Read the HashMap source code easily
- Preface
- HashMap source code analysis
- to sum up
Preface
HashMap
For each study Java
people who are familiar can not be familiar, yet is such a familiar thing, really dig into the source code level, there are many parts of the value of learning and thinking, now let us work together to explore HashMap
the source code.
HashMap source code analysis
HashMap
Based on a hash table, and implements Map
an interface that the key-value
key-value pair data structure stored therein key
and value
are allowed null
values in HashMap
, the order is not guaranteed, nor security thread.
Data storage in HashMap
In HashMap
, each put
operation will be on key
hashing, based on the results and then hashed index obtained through positioning calculation within a specified range, this index is the current key
value of the storage location, since it is hashed, then certainly there will be a hash collision, which in jdk1.7
previous versions and each index is stored in a linked list, and the jdk1.8
version and beyond, then this is optimized when the chain length is longer than 8
the time, will red-black tree into memory, when the red-black tree elements from greater than or equal 8
decrease or less 6
, the degradation will be stored as a linked list again from the red-black tree.
The figure is jdk1.8
a HashMap
storage structure schematic view (each referred to as the target position 桶
):
In HashMap
the data storage is achieved by an array of red-black tree + + list ( jdk1.8
), and in earlier versions of the array using only + linked list to be stored.
Why is it recommended to specify the size when initializing the HashMap
HashMap
Initialization, we usually recommend estimated about possible size, and then construct HashMap
the specified capacity when the object, this is why? To answer this question, let us look at HashMap
how to initialize.
When we do not specify any parameters to create the figure is HashMap
subject:
Load factor
You can see that there is a default DEFAULT_LOAD_FACTOR
(load factor), and this value is by default 0.75
. When the effect of the load factor is HashMap
used in the size of the capacity of the total capacity 0.75
, the expansion will be performed automatically. Then you can see from the above code, when we do not specify the size, HashMap
and does not initialize a capacity, then we can venture to guess when we call put
upon the current method will certainly be judged HashMap
whether initialized, if not initialized, it will Initialize first.
HashMap default capacity
put
The method determines the current HashMap
if is initialized, it is not initialized, it will call the resize
method is initialized, resize
the method used to initialize not only, but also for the expansion, which is the initialization part of the main portion of FIG red box:
Can be seen, initialization HashMap
time, mainly initialized 2
variables: one newCap
representing the current HashMap
in the number of barrels, an index of the array represents a bucket; one is newThr
mainly used to indicate the expansion threshold, because any time we It is impossible to wait until the buckets are all used up to expand. Therefore, a threshold must be set. After the threshold is reached, the expansion starts. The threshold is the total capacity multiplied by the load factor.
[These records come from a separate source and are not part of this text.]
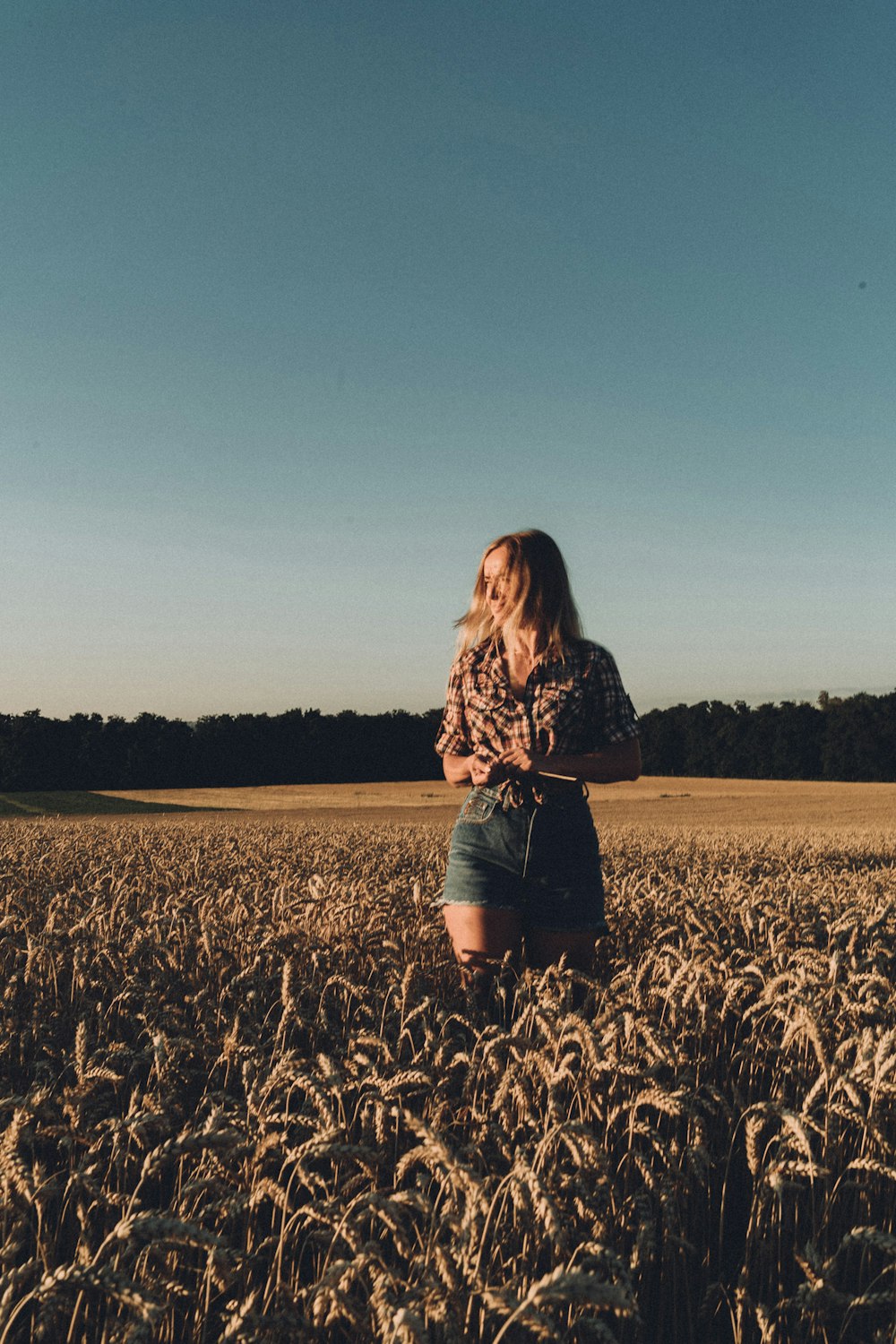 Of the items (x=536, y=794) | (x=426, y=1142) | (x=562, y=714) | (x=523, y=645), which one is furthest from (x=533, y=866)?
(x=426, y=1142)

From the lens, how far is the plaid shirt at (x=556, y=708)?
12.2 feet

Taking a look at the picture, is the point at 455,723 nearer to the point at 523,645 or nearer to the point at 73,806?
the point at 523,645

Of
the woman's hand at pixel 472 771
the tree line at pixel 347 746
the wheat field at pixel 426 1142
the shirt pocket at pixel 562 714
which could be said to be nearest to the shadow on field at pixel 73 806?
the tree line at pixel 347 746

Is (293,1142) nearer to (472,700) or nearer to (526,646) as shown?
(472,700)

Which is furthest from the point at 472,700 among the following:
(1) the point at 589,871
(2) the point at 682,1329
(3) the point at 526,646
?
(2) the point at 682,1329

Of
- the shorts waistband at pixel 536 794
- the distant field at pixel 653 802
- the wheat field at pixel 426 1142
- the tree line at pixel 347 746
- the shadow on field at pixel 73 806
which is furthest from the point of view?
the tree line at pixel 347 746

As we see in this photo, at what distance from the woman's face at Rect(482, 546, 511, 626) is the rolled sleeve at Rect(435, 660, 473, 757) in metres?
0.32

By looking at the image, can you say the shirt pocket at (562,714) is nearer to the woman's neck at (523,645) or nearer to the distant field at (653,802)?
the woman's neck at (523,645)

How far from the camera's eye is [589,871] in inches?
147

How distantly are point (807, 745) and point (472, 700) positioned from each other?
68.8 meters

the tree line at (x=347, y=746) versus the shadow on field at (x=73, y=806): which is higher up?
the tree line at (x=347, y=746)

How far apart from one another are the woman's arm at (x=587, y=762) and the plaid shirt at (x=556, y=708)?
61 mm

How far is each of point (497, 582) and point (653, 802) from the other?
112 ft

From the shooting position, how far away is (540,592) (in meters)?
3.79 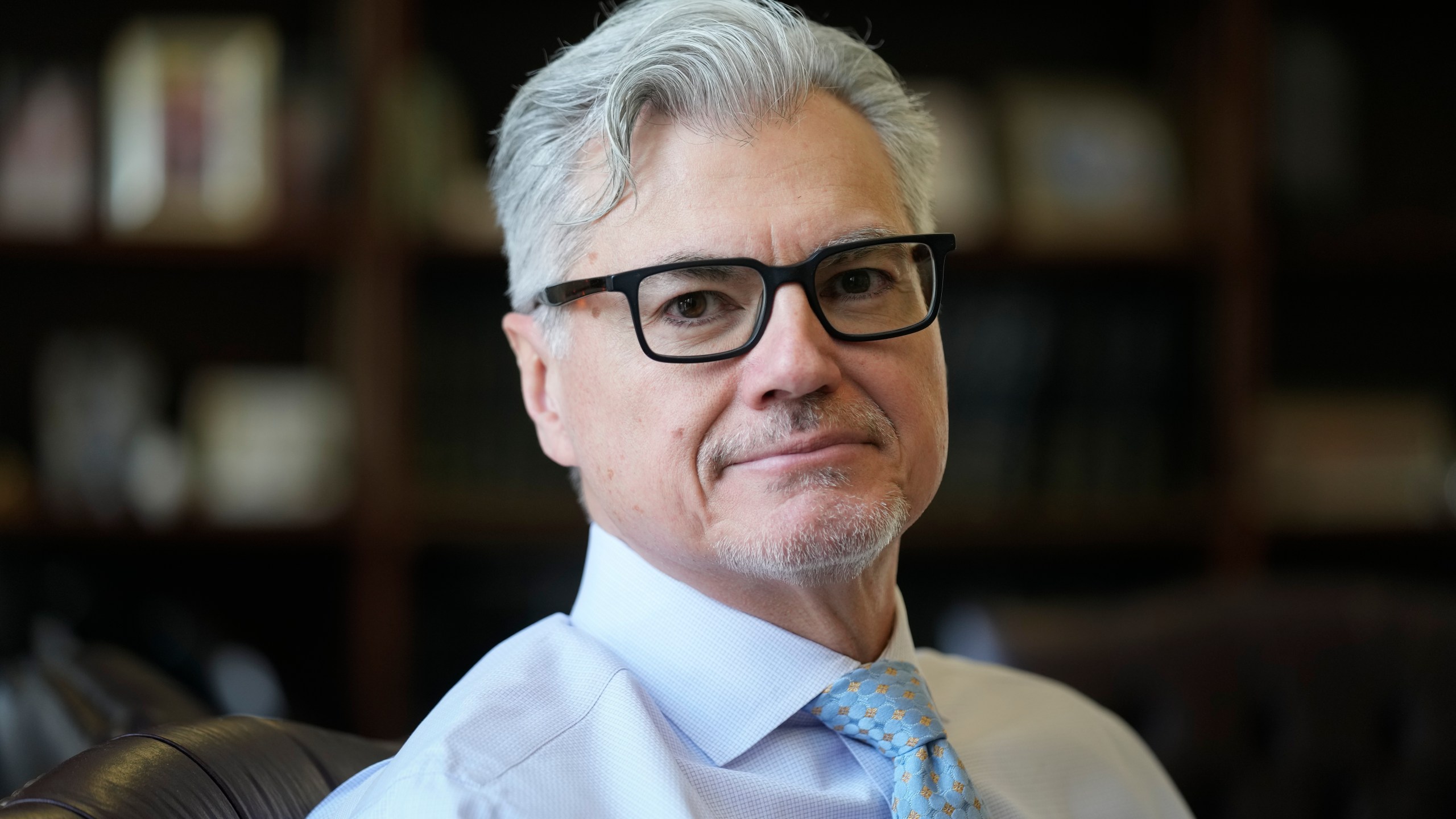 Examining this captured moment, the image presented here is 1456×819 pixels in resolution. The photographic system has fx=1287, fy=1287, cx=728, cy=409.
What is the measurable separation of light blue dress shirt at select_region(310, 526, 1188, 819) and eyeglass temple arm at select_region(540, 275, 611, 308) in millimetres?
222

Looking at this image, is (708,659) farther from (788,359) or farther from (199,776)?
(199,776)

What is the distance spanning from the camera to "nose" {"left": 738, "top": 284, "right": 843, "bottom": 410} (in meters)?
1.04

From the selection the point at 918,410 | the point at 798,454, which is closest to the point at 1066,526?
the point at 918,410

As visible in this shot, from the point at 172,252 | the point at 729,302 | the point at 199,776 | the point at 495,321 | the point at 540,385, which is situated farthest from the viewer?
the point at 495,321

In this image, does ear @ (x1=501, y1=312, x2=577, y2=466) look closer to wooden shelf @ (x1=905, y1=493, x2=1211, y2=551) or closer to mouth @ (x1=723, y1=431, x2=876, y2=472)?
mouth @ (x1=723, y1=431, x2=876, y2=472)

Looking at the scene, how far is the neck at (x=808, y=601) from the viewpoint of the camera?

Above we know that the default load factor 0.75
, and the default size of the bucket 16
, so that is when we initialize HashMap
time without specifying the size of the bucket when used 12
during expansion automatically (how the expansion of our analysis in the back). Expansion will involve migrating the old data, more consumption of performance, it can be estimated that in HashMap
the total element needs to be stored, we recommend to specify in advance HashMap
the capacity of size, to avoid the expansion operation.
PS: Note that, in general we say HashMap
in capacity are referring to the number of buckets and each bucket can put the number of elements depends on the memory, so capacity is not to say that 16
you can only store 16
a key
value.
What is the maximum capacity of HashMap
When we manually specify the capacity of the initialization HashMap
time, always call the following method to initialize:
See 453
the line, when the capacity is greater than our designated MAXIMUM_CAPACITY
time, it will be assigned MAXIMUM_CAPACITY
, and this MAXIMUM_CAPACITY
number is it?
We see the figure above, MAXIMUM_CAPACITY
is 30 th power, and int
the range is 31 th power minus 12, which would mean that the scope to reduce it? See the note above can know where to ensure HashMap
the capacity 2
of the N-th power, and int
the maximum positive range of 31 types of power is less than 2, it took 30 to a power of two.
We go back to the previous constructor with parameters, and finally calls a tableSizeFor
method, the role of this method is to adjust HashMap
the capacity size:
If you don’t understand bitwise operations, you may not understand exactly what this is doing. In fact, one thing is done in this method, which is to adjust the size of the specified capacity we passed in to the power of 2 , So at the very beginning, we have to reduce the volume we passed in 1
, just for unified adjustment.
Let's take a simple example to explain the above method. Bit operation involves binary, so if the capacity we pass in is one 5
, then it is converted to binary 0000 0000 0000 0000 0000 0000 0000 0101
. At this time, we must ensure that this number is 2 to the N power , then the easiest way is to put our current binary number of the leftmost 1
, has been to the far right, all the bits are 1
, then the result is to obtain the corresponding N-th power minus 12, such as we pass 5
coming to ensure that the N-th power of 2, then it is surely needs to be adjusted for the 3 power of two, that is: 8
this time me with you need to do is put back 3
position 101
adjustment is 111
, you can get 3 times a power of two minus one , The final total capacity plus 1 can be adjusted to the Nth power of 2.
Or in 5
, for example, an unsigned right 1
position to give 0000 0000 0000 0000 0000 0000 0000 0010
, then the original value 0000 0000 0000 0000 0000 0000 0000 0101
to perform |
operation (only on both sides at the same time 0
, the result will be to 0
), you can get results 0000 0000 0000 0000 0000 0000 0000 0111
, that is, to become the second 1
, this time regardless of how much further to the right place, the right number of times, the results will not change, to ensure after three 1
, and later also turn to the right, is to ensure that when the first number of 31
bits 1
, you can ensure the highest level of addition outside the 31
bit all 1
.
Here, we should doubt the will, why so much trouble to ensure HashMap
the capacity, that is, the number of barrels of N 2 to the power of it?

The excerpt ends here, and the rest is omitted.